Mars and Venus will be prominent in the S and SW sky all winter long. (See image on HOME page). Both are continuing to travel eastward and eventually meet up below the Circlet in Pisces but not before each makes a close pass to both Neptune and Uranus. The planetary appulse show finally ends in late spring 2017. A thorough explanation of the current Venus appearance can be found on Brian Ventrudo's Cosmic Pursuits website here: Venus viewing Guide 2016-2017
Jupiter is a morning planet now and is finally far enough from the Sun to appear in dark sky before dawn. You will see it rising before midnight in February and it reaches opposition in April when it will be in the sky all night long.
A summary of the entire 2017 year of ASTRONOMY events can be found here:
ASTRONOMY EVENTS 2017
An astronomical calendar for 2017 (with diagrams of sky sights like those below) is available for download from Alan Dyer's website here: www.amazingsky.com (look at the bottom of the "about Alan" page).
February - April 2017 Sky Events
Feb 10, Fri: Penumbral Lunar Eclipse
This penumbral eclipse is very close to having the umbral shadow of Earth touch the Moon’s disk. Officially the magnitude is 0.988 and some umbral darkening should be visible. It has been noted that on other lunar eclipse occasions, the umbral shadow does become visible as a darkening before the official contact time. Photographs should show this easily. Time for the maximum effect (mid-eclipse) according the RASC Observer’s Handbook is 7:44 pm Feb 10. More info about this lunar eclipse and others is in the BAS Weblog.

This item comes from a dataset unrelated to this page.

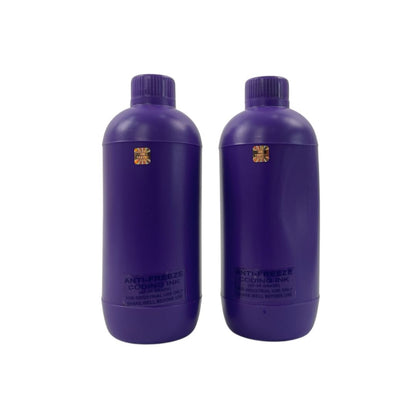 Non-Porous Ink Pack of 2 Violet Color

Feb 11, Sat: Comet 45P/Honda-Mrkos-Pajdušáková This periodic comet has returned after 5 years to break the comet drought! It may be visible briefly in late December above the SW horizon around magnitude 8 or so and then it rounds the Sun to appear as a morning comet in January and February. On Feb 11, 2017, it is closest to Earth and should be brightest perhaps up to magnitude 7, well within binocular range but don't wait to this weekend to start observing. it should be visible for several weeks, even into mid-March as shown in the finder chart below. Check VIS. COMETS page for more.
Feb 17, Fri: Venus at its Brightest!
Venus is its brightest tonight at -4.63 magnitude. The phase is shrinking but the apparent size of Venus is growing (40 arc-sec) and the two balance out to give a maximum brightness at this time. Venus is on the inside track of its orbit and Earth and Venus are getting closer. By the end of March it swings in front of the Sun (missing it by 10° -no transit!) and is a large thin crescent with only its “backside” visible from Earth. After then Venus becomes a Morning Star.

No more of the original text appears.